What happened between January and right now is that the price of Bitcoin went from $20,000 to about $7,000 in U.S. dollar terms. It lost over about two thirds of its value. Depending on how we calculate it, that is something like 300% to 400% inflation, right? What you can buy with a Bitcoin decreased a huge amount. You need a lot more Bitcoins to buy the same thing that you needed to buy. That is, in half a year, Bitcoin inflated by hundreds of percentage points.
But when you get into arguments with Bitcoin fanatics, they will still say, even right now, “Bitcoin is a ‘Store of Value’ unlike the U.S. dollar . . . Bitcoin is safer for your money.” And if you say to them, "What are you talking about, Bitcoin inflated hundreds of percentage points in a time when the U.S. dollar hardly moved at all?" They will say, "What do you mean? Only a few more Bitcoins were mined in that period of time. That's nothing." It’s a misinterpretation of inflation that is mind boggling.
It does connect back to that first thing about gold, because there is this weird idea that money is this very concrete thing that you should be able to understand very quickly and easily. Money is actually incredibly complicated to understand. What is money? How does money work? It is a really tough subject and I'm sympathetic — like, I wish this was simple and I could just point at gold and that I could determine the value of my money, but it just isn't like that.
In your book you talk about the definition of currency and how Bitcoin might not actually qualify as a currency. Can you tell me more about that?
This is part of what is so complicated. Let's say currency is a token of some sort that somebody issued that is usually tied to the value of money.
It makes me think of, like, when you go to play arcade games or skee-ball, and you can't actually put quarters in it, you have to trade your quarters in for tokens or something. The skee-ball token technically is a currency, right?
It is technically currency and it has an equivalent value in money — but the only way we have to perceive money is in terms of national currencies or other currencies. That's part of why it's so hard to get a handle on. It is this abstract thing that it's really difficult to process. From the moderate right all the way to the left, the general accepted definition of money is that it has three functions: the “store of value” function, the “medium of exchange” function and the “unit of account” function.

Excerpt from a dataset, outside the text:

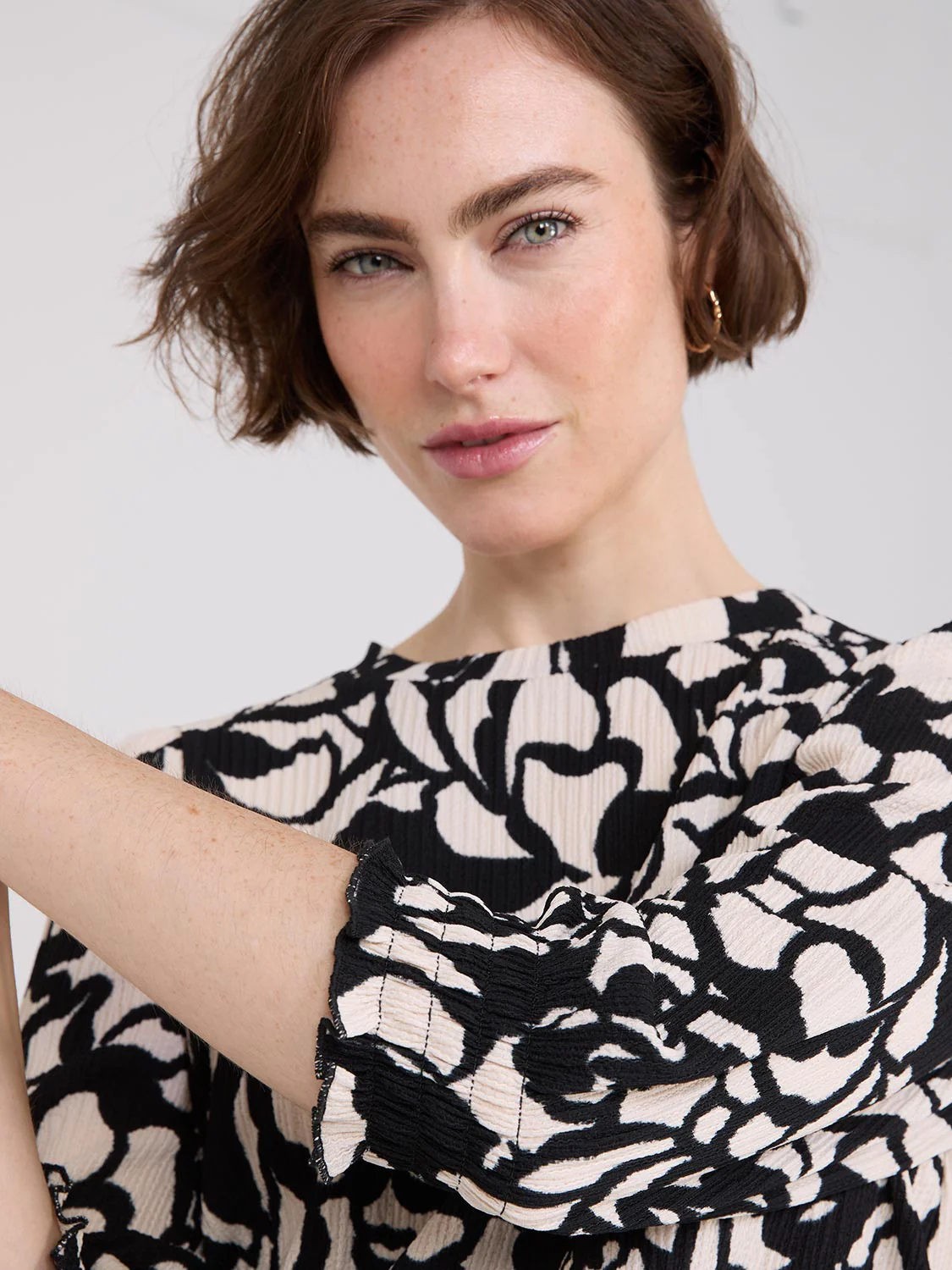 Printed Textured 3/4 Sleeve Round Neck Top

In general, currency is mostly about the medium of exchange function. The medium of exchange function means you can use this token to buy and sell stuff. That’s what the developers tell you Bitcoin was designed to do; it’s why we call it a “cryptocurrency.” But in reality, this kind of use has not in any way lived up to the advertising.
The unit of account function has to do with the way prices for goods and services are set.
The store of value function [is] the most interesting one with regard to cryptocurrencies. The idea of the store of value is that the token should be relatively stable over time with regards to markets. You should be able to sell some of your goods in May and put your proceeds in money in the bank or under your mattress or whatever, and a year later, you should be able to get relatively close to the same amount. You go back to your pile of stuff that you got, and it should be worth about the same thing that it was worth a year ago. It needs to stay almost identical.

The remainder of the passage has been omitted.